Konkretnej liczby piw nie pamiętam, ale pamiętam, co nasz gimnazjalny nauczyciel od wszelkich przedmiotów artystycznych mówił, kiedy ktoś podparł głowę na ręku. Dziś, niestety, właśnie tak bym według tego pana wyglądała.
Spanie w środkach transportu publicznego, to powinna być jakaś osobna dziedzina, której możnaby się było uczyć. Na WFie na przykład. W pociągu opanowałam to prawie do perfekcji, dziś była najlepsza opcja, nie dość, że miejsce przy oknie, to jeszcze drugie, to koło mnie, również wolne. Nie było jeszcze takiej ostateczności, żebym się rozłożyła na dwóch i po prostu poszła spać, jak człowiek, ale opieranie się o wszystko jest już odruchem. Albo o okno, albo o podłokietnik, jeden lub drugi… Zdaje mi się, że dziśprzesłuchałam dwóch utworów z płyty, następne dwadzieścia różnych utworów jakoś znikło.
Po tej fascynującej podróży pociągiem trafiłam do Krakowa. Uwielbiam dialogi na dworcu. Ktoś mi pomaga, ale widzę, że sami się w grupce zastanawiają, gdzie mają iść. No to, ja, ponieważ już trochę tu siedzę:
– A gdzie się pani chce dostać? –
– My? To do Zakopanego. –
– Aaaaa, no peeeewnie! To tamtymi ruchomymi pani dojedzie! – Wszyscy są, jak widać, tak samo śpiący, jak ja. Chociaż OK, nie wymądrzajmy się. Miałam koleżankę, która, na uprzejme pytanie kierowcy, gdzie jedzie, coby jej mógł przystanek powiedzieć, odpowiedziała jasnym przekazem: niedaleko. Faktycznie, dużo się dowiedział. Kiedyś szłam z przyjaciółką coś zjeść na mieście, troszkę drogę pomyliłyśmy i byłyśmy na tym dość mocno skupione. Że coś jest nie tak. Po tym, jak moja towarzyszka podróży trąciła jakiśbillboard, czy coś, potrzedł zatroskany mieszkaniec miasta.

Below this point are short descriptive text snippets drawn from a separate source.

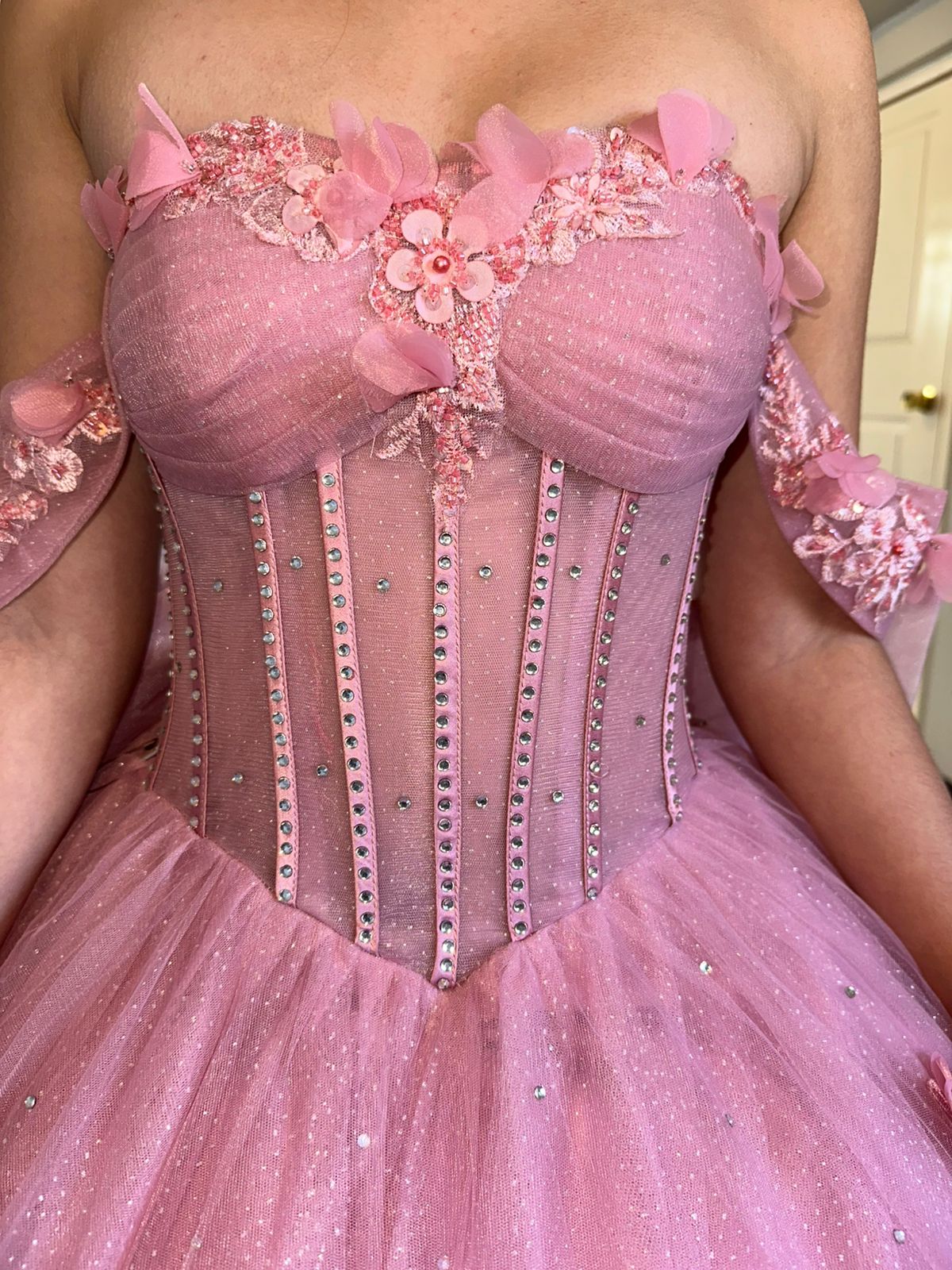 Rose Garden 3D Floral Quinceanera Ball Gown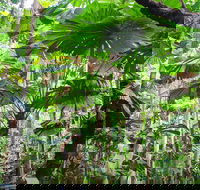 Cape Tribulation Daintree Rainforest and Wildlife Tour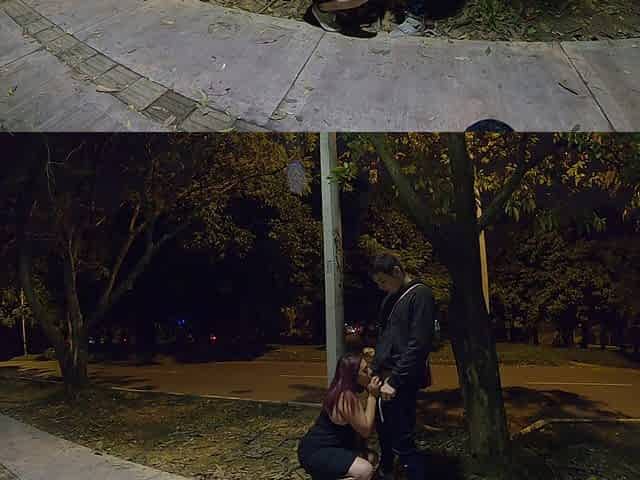 Mature Sucks My Cock in the Park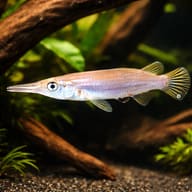 Dermogenys sp. silver 4 — representative image - view 1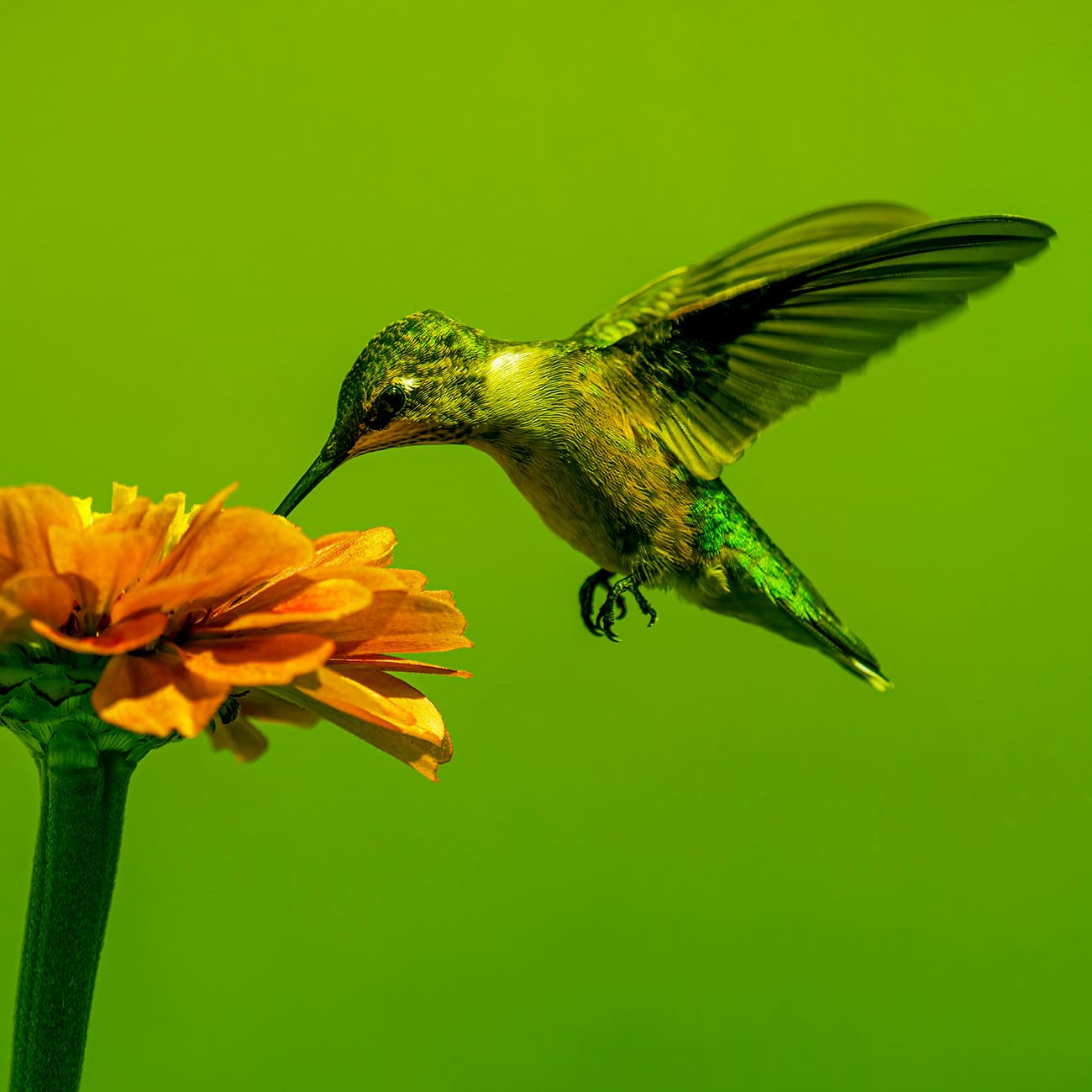 Colibrí y flor
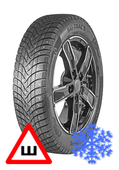 Armstrong Ski-Trac S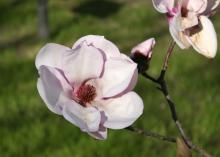 The huge flowers on saucer magnolias can reach up to 10 inches across and can be white, pink or bold purple, depending on the variety. (Photo by MSU Extension Service/Gary Bachman)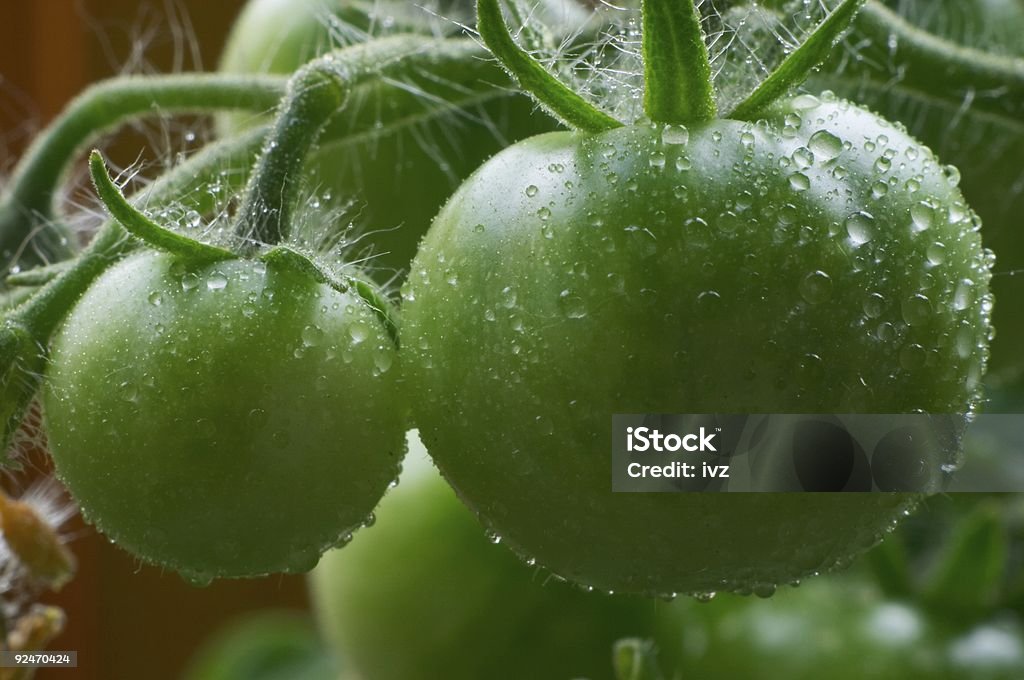 Tomate Verde - Royalty-free Agricultura Foto de stock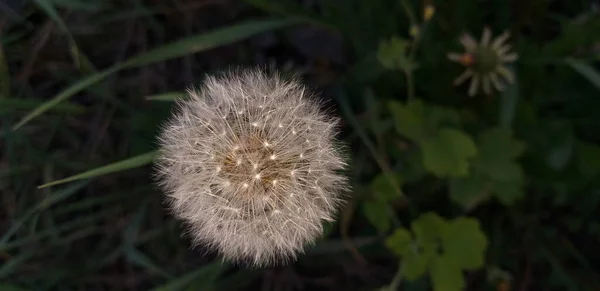 White Fluffy Dandelion Green Grass Shallow Dof — Stock Photo, Image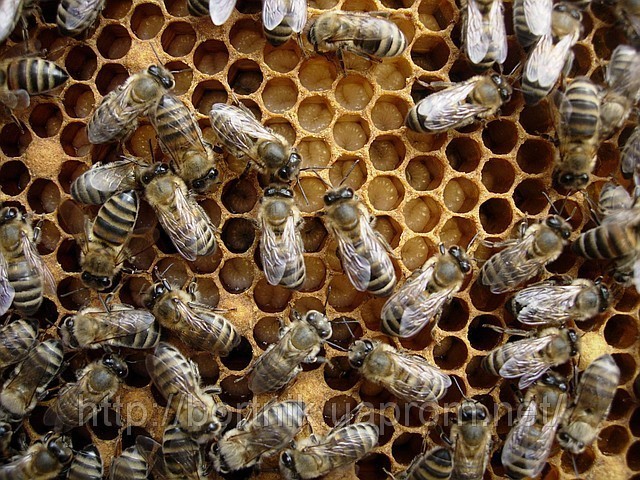 Пчелопакеты бакфаст купить на 2024. Пчелопакеты украинской Степной пчелы. Расплод Бакфаст. Отводки на 1 рамку расплода. Размножение пчелиной семьи.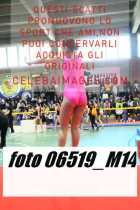 06519_M14-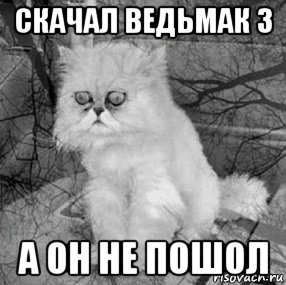 скачал ведьмак 3 а он не пошол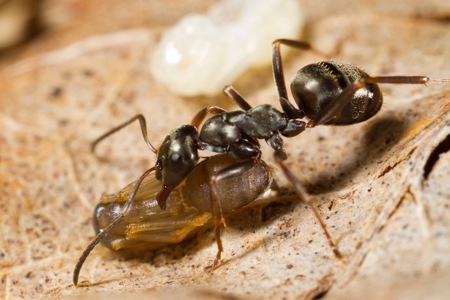 Formica Lemani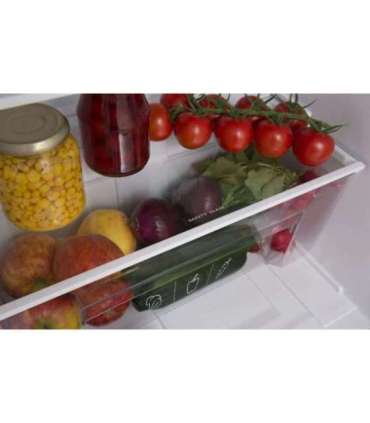 AMICA FD2015.4X(E) Silver Refrigerator with Freezer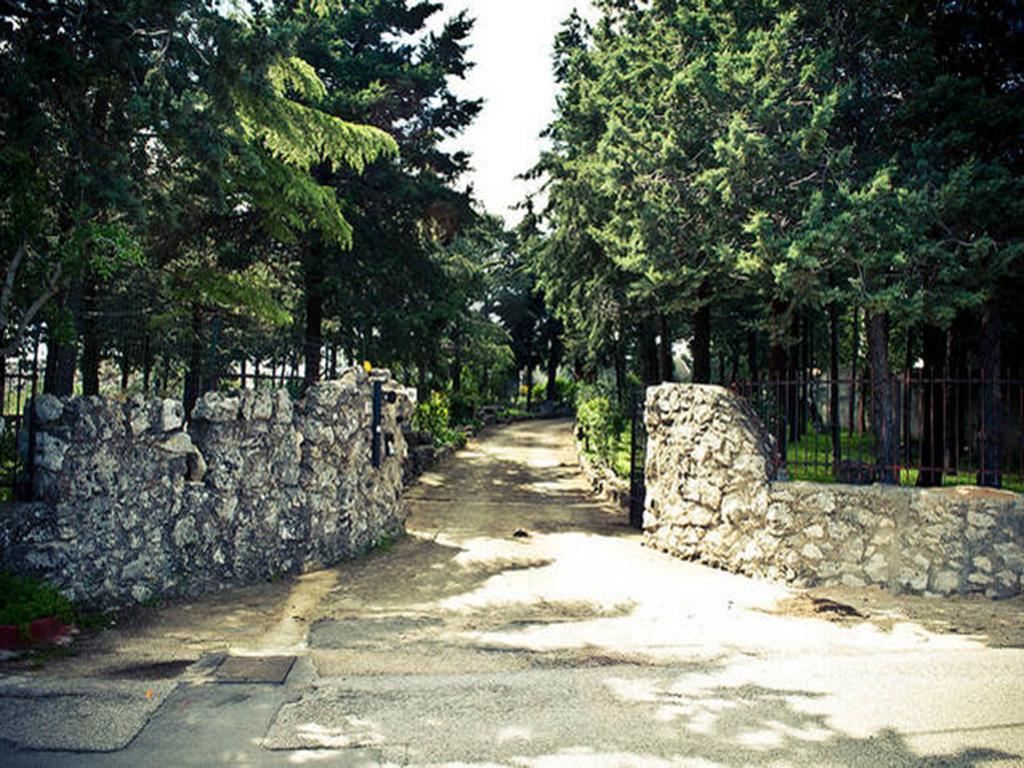 Villa Parco Alta Murgia Cassano delle Murge Værelse billede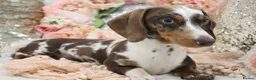 Miniature Dachshund dogs for sale: KC Miniature Dachshund Puppies - Advert 15
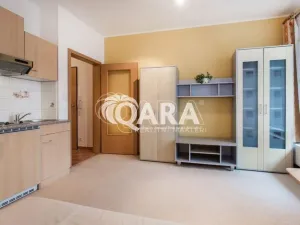 Pronájem bytu 1+kk, Praha, 28 m2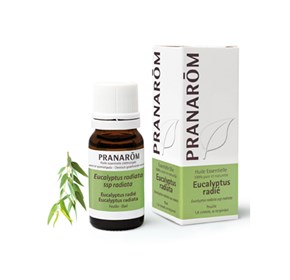 Pranarom eterično ulje eukaliptus radiata 10ml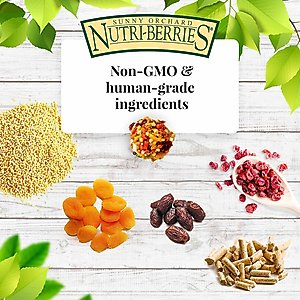 Lafeber Sunny Orchard Nutri-Berries Cockatiel & Parakeet Bird Food, 10-oz bag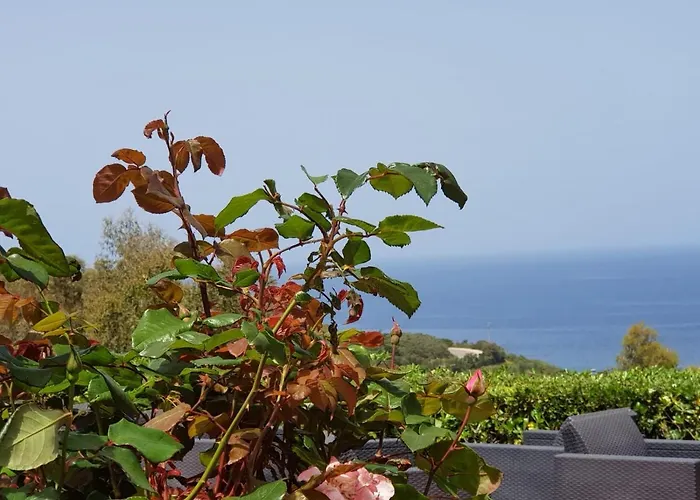 Acquaviva Park Bed & Breakfast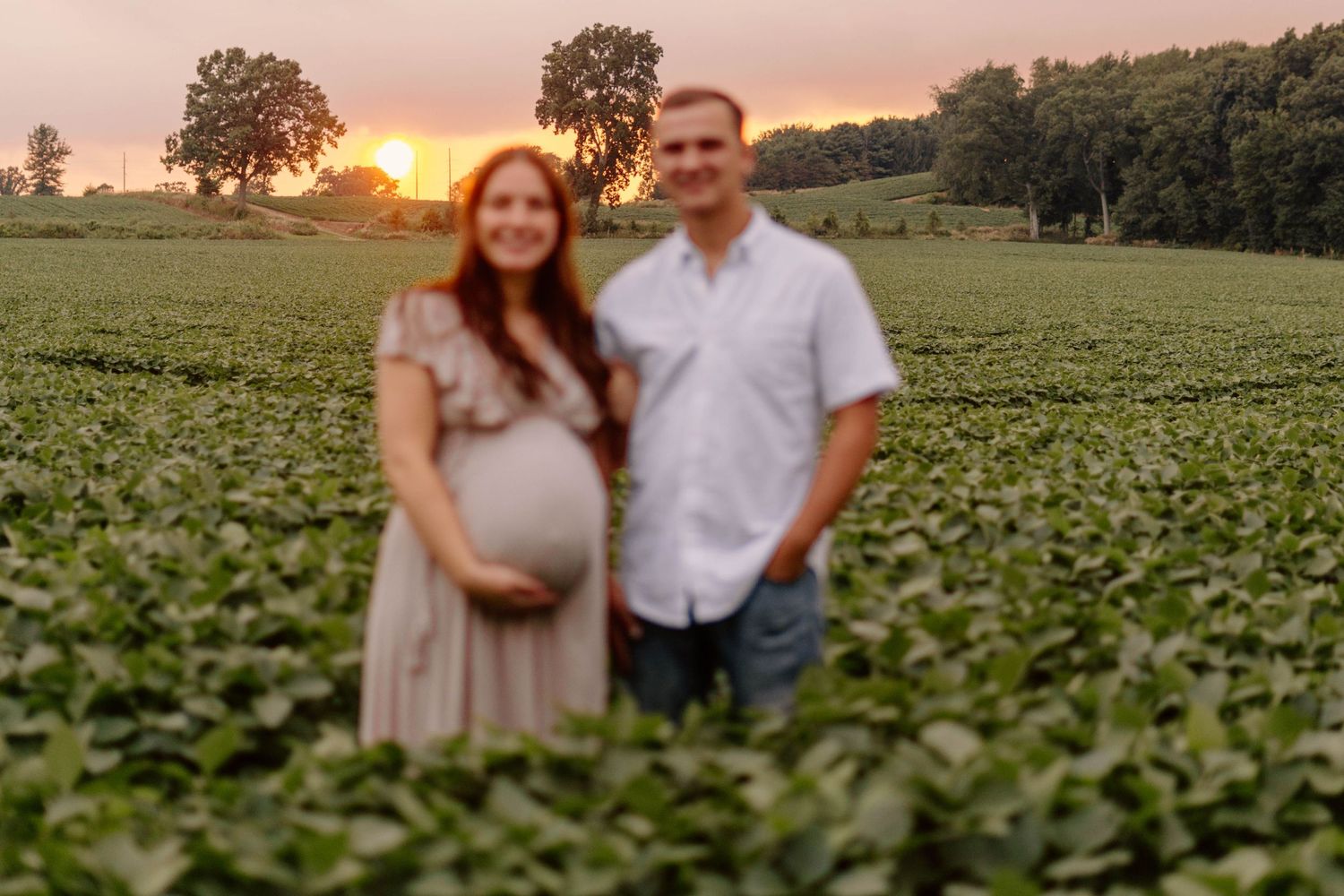 Expectant couple poses together in a vast soybean field at sunset.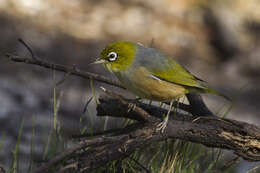 Image of Silvereye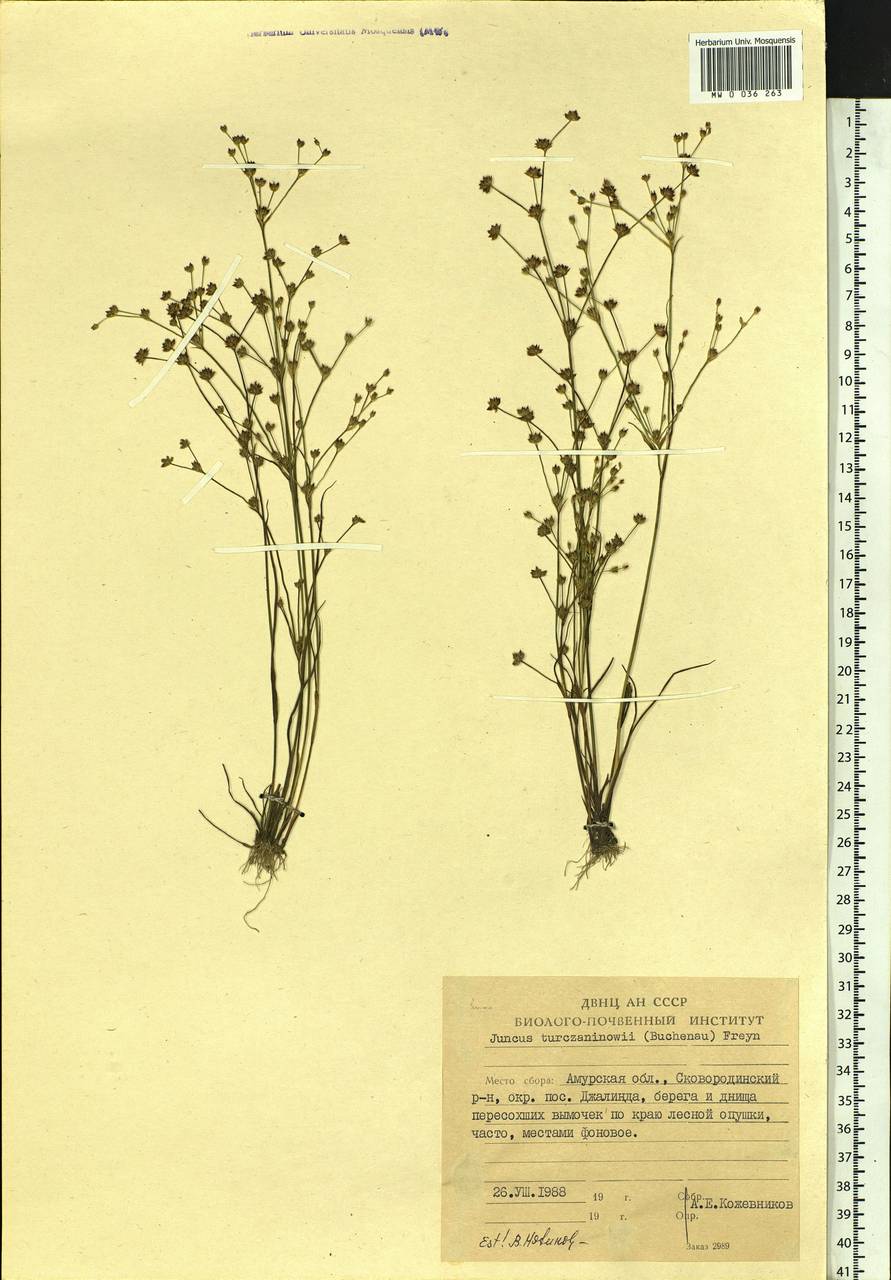 Juncus articulatus subsp. limosus (Worosch.) Worosch., Сибирь, Дальний Восток (S6) (Россия)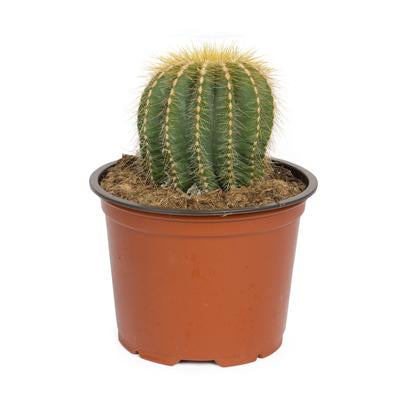 Balloon cactus by Simona Flowers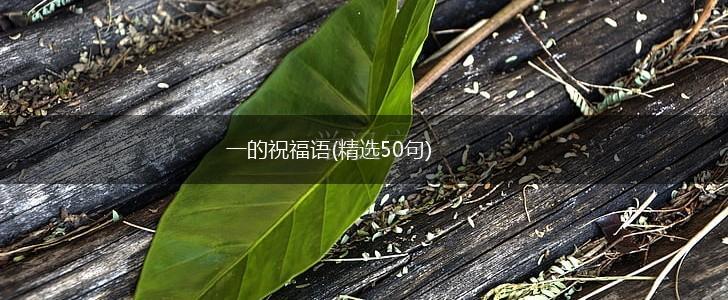 一的祝福语(精选50句),第1张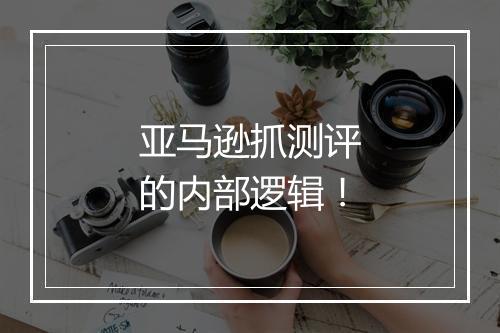 亚马逊抓测评的内部逻辑!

– Proszę pani, proszę pani! Wszystko w porządku? –
– Nie. – Odpowiedziała bez namysłu, nie uznając za stosowne dodać dalszych wyjaśnień. Śmiałyśmy się z tego jeszcze z 10 minut, co ciekawe pan nie pytał dalej i poszedł. Takie to mamy inteligentne rozmowy uliczne.
Tak tak, wróciłam do Krakowa. Mam wam opowiadać o początku roku szkolnego? Ale na pewno? Jesteście pewni? Nie, tak na poważnie, zeszły tydzień był ciężki. W zeszłym tygodniu, pierwszego dnia, jak szłam z autobusu do szkoły, po drodze zdążyłam umyć włosy i wyprać plecak. W sumie zostałam zmuszona. Deszcz to zrobił za mnie. A pamiętajmy, że albo kaptur na głowę i wtedy nic nie widzę, albo widzę, co się dzieje na ulicy, ale mam mokre włosy. Bezpieczeństwo jest najważniejsze, jak mnie w internacie zobaczyli, to jedna wychowawczyni od razu spytała, czy nie zrobić mi herbaty, kazała się przebrać i pożyczyła suszarkę. ;p Potem trzy różne restauracje z uber eats anulowały mi zamówienie, na pysznym nie przechodziła płatność… A pamiętajmy, że to dopiero był początek tygodnia… Pozwólcie, że reszty wam oszczędzę. A tamten tydzień, to nie koniec tego nieustającego pasma sukcesów. Dziś np. się okazało, że będę mieć kształcenie słuchu. Kto był w muzycznej i lubił? Przyznawać mi się tu zaraz!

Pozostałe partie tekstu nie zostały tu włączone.